Most of the students cited the phrase with which Carr had charged them as juries, saying they didn’t find the girl’s behavior to be “gross, wanton and culpable.”
But the bottom line, under Carr’s questioning, was accountability and responsible decision-making. In one of four sessions, only one of 10 tables serving as juries found the girl guilty. That “verdict” got a nod of approval from Carr.
Marshall’s fourth annual Senior Ethics Day was held at George Mason University this year to emulate the professionalism of the workplace and bring members of the senior class into a campus environment, said parent coordinator Gretchen Zience.
“We wanted to give them the feel of the campus,” she said. “The whole idea is the next step in their lives."

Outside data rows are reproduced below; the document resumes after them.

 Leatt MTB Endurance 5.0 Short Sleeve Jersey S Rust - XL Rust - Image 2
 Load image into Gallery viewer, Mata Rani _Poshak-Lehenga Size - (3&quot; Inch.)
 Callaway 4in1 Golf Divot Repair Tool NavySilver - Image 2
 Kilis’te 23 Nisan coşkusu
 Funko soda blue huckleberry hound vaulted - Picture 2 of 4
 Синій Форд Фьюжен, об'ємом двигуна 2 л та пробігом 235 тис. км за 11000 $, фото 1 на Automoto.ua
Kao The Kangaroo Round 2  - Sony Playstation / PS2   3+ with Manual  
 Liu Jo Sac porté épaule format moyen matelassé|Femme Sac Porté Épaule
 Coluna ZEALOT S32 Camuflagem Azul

Of 320 seniors at Marshall, about 300 took part, spending the day in a student building at George Mason and then returning to Marshall at the end of the day.
THE DAY WAS a logistical challenge for Zience, who made the travel arrangements and helped find 40a dults to serve as table leaders, one for each group of eight students.

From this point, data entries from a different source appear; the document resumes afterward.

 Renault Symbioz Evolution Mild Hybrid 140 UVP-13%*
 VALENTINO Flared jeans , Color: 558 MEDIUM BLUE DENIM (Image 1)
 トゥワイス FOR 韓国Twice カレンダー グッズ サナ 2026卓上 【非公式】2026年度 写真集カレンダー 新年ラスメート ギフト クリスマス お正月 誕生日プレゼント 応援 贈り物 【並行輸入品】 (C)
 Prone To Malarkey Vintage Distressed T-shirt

Another 10 adults, including Carr, volunteered to serve as facilitators for the four different “modules” presented during the day.
Each one required the students to think their way through an ethical or business dilemma.
In addition to the trial, they also viewed a video about a real-life incident in which a college student stood by wordlessly as his friend murdered a woman he’d picked up while gambling in Las Vegas.
The friend was not prosecuted as an accessory to murder, and the students evaluated whether he should have been.
VOLUNTEERS FROM Booz Allen Hamilton and Lockheed Martin presented ethical dilemmas arising from the workplace.
Volunteers who served as table leaders came from several civic groups in Vienna, including the Lions, Rotary and Optimists. Vienna Presbyterian Church, the town of Vienna and many businesses provided volunteers who set aside their business duties to spend the day serving as mentors for the students.
Matt Brennan of Brennan & Waite helped find the volunteers, and played the role of the prosecutor in the mock trial. Scott Townsend, another attorney, played the defense attorney. Marshall theater students played roles as Alice Sky and several witnesses.
“There is a lot of enthusiasm in the business community for doing this,” said Zience.
“The kids liked meeting them, and getting to know a businessperson.
It was a wonderful experience. They really liked it.”
The volunteers, Zience said, “loved getting the kids to exchange their ideas and views.”
Ethics Day has become a tradition at Marshall, with next year’s program scheduled to take place in the fall, again at George Mason.